→ **PROBLEM DETAILS**: Copy each record below exactly, please, and leave its pictures out.

→ **INPUT DATA**:
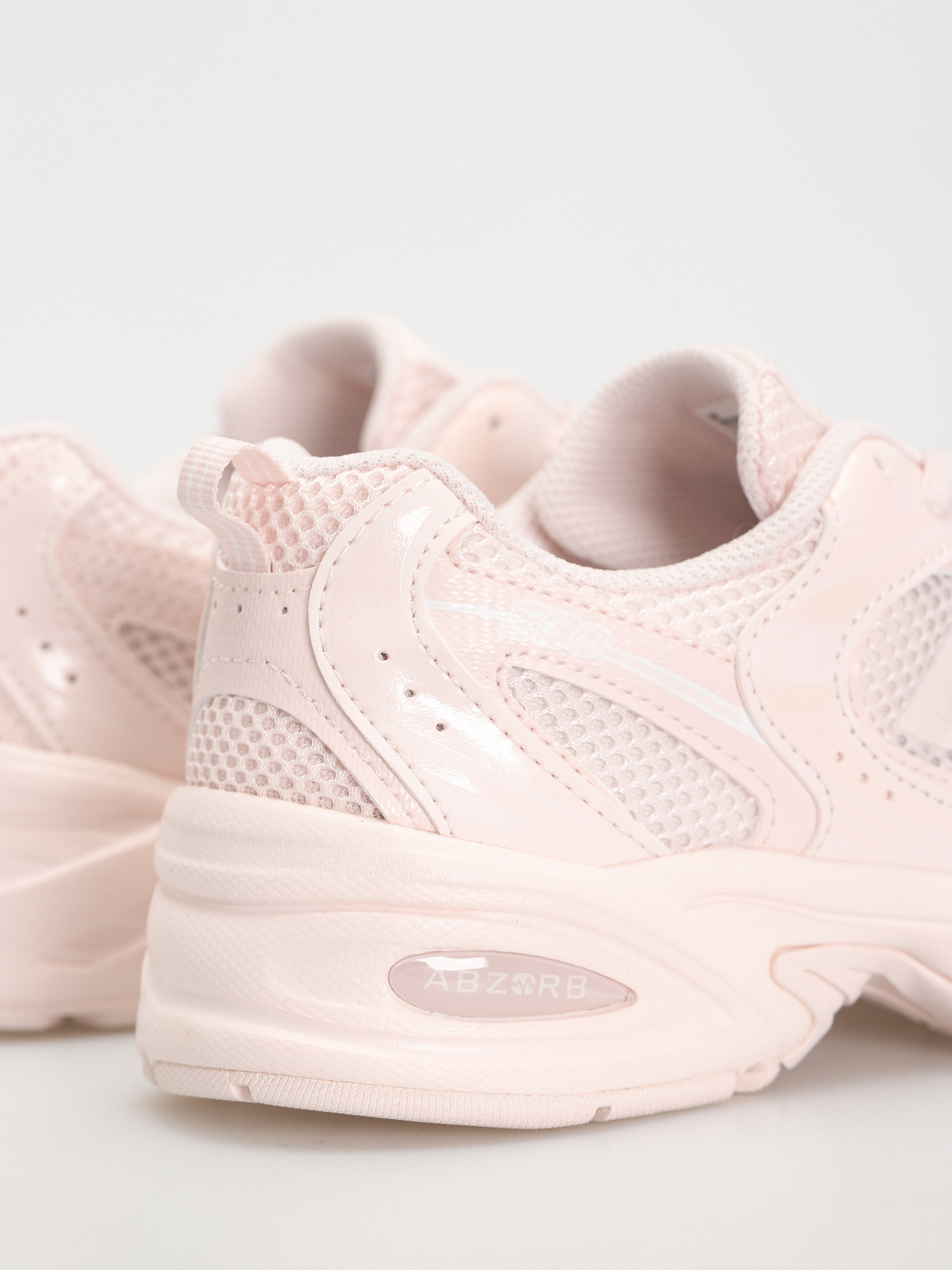 New balance rosa junior hotsell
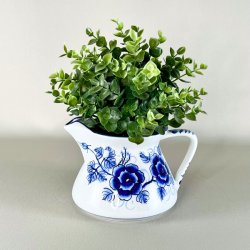 Kande - med bl blomster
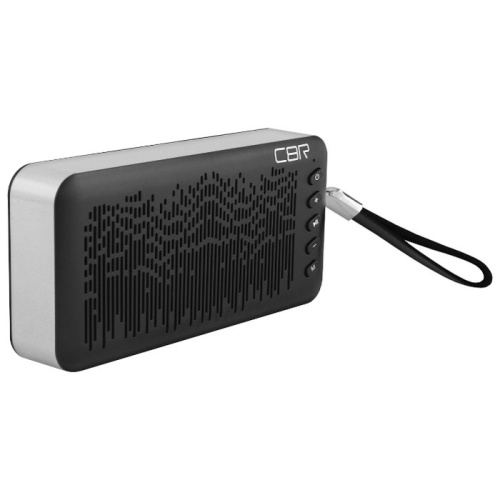 Колонки CBR CMS 144Bt черный/серебро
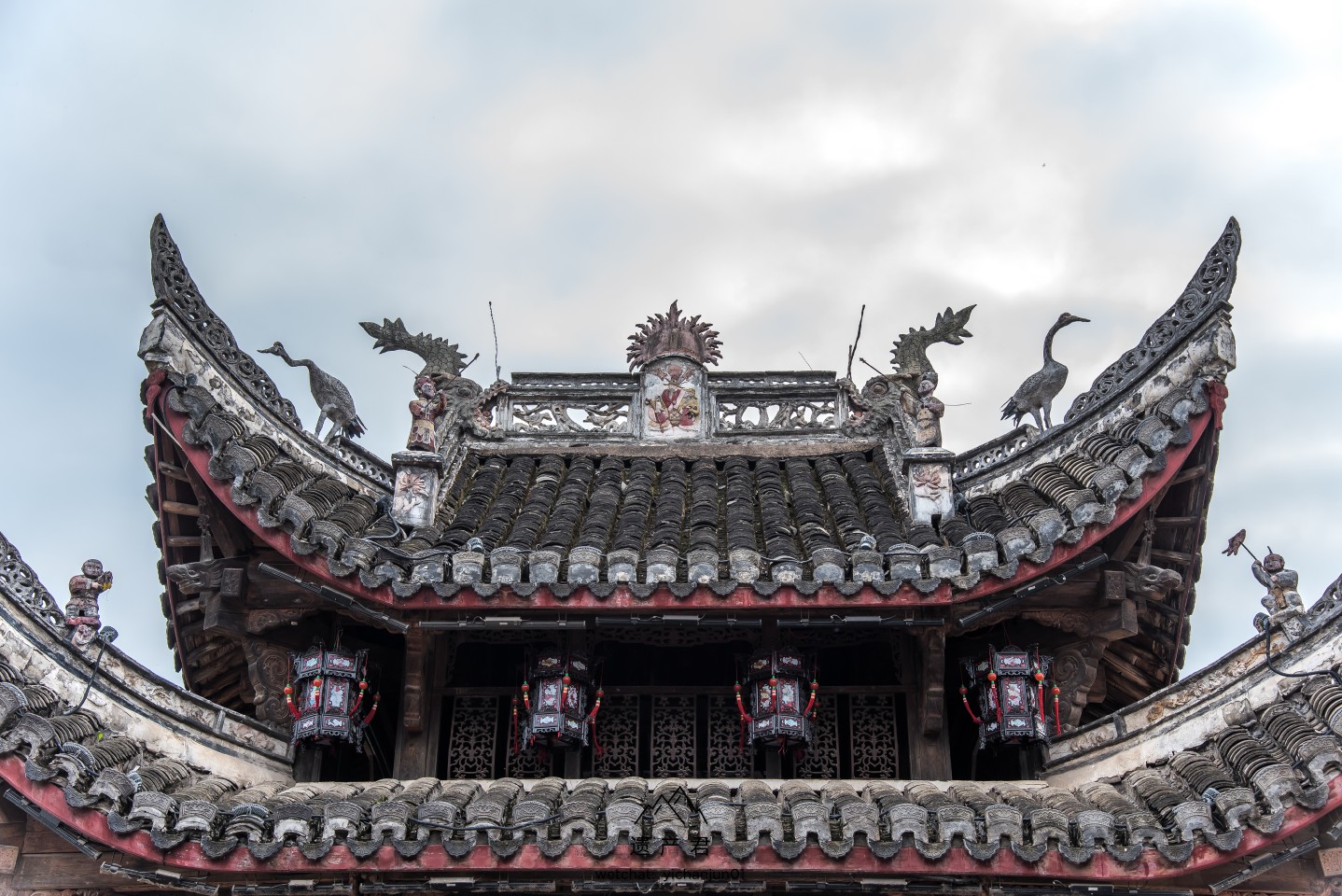 浙江金华李宅村文昌阁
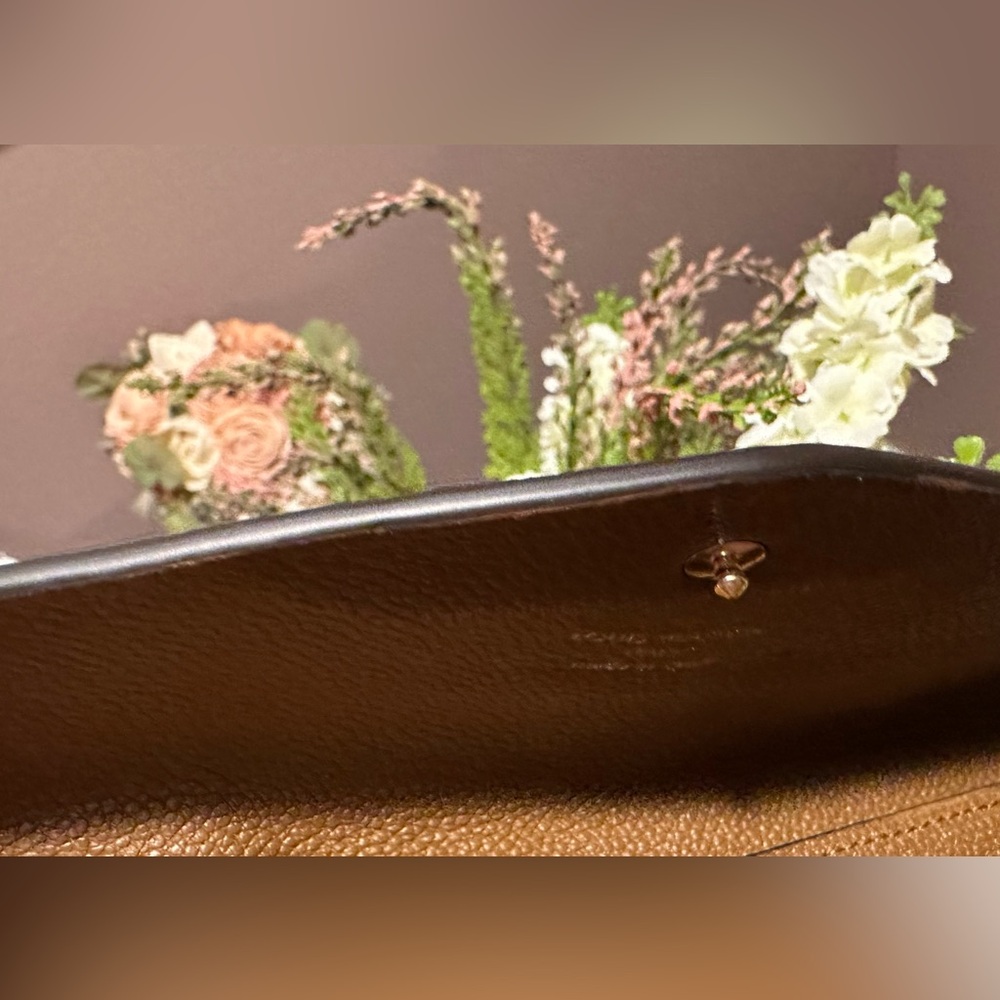 Louis Vuitton Sarah Wallet Empreinte Brown - Picture 14 of 15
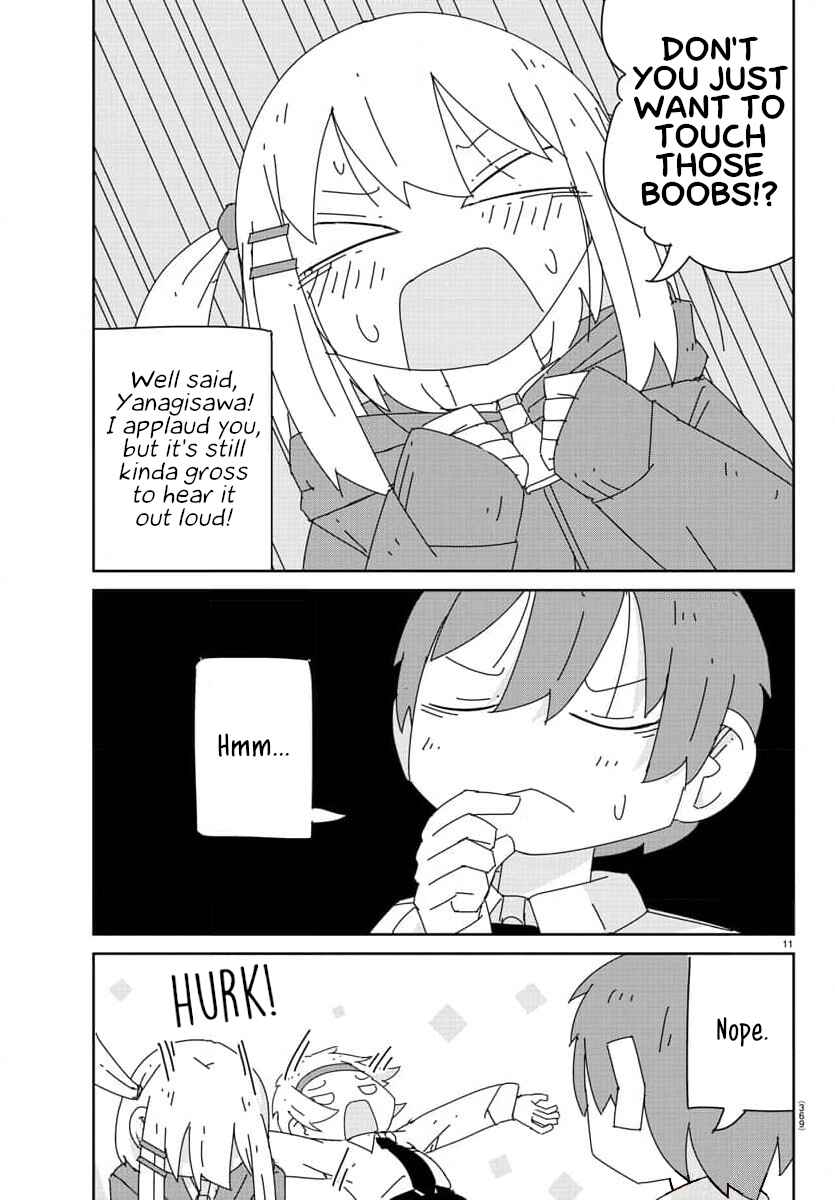 Page 11 Chapter 24 Hagino-san Wants to Quit the Wind Ensemble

→ **YOUR RESPONSE**:
 New balance rosa junior hotsell
 Kande - med bl blomster
 Колонки CBR CMS 144Bt черный/серебро
 浙江金华李宅村文昌阁
 Louis Vuitton Sarah Wallet Empreinte Brown - Picture 14 of 15
 Page 11 Chapter 24 Hagino-san Wants to Quit the Wind Ensemble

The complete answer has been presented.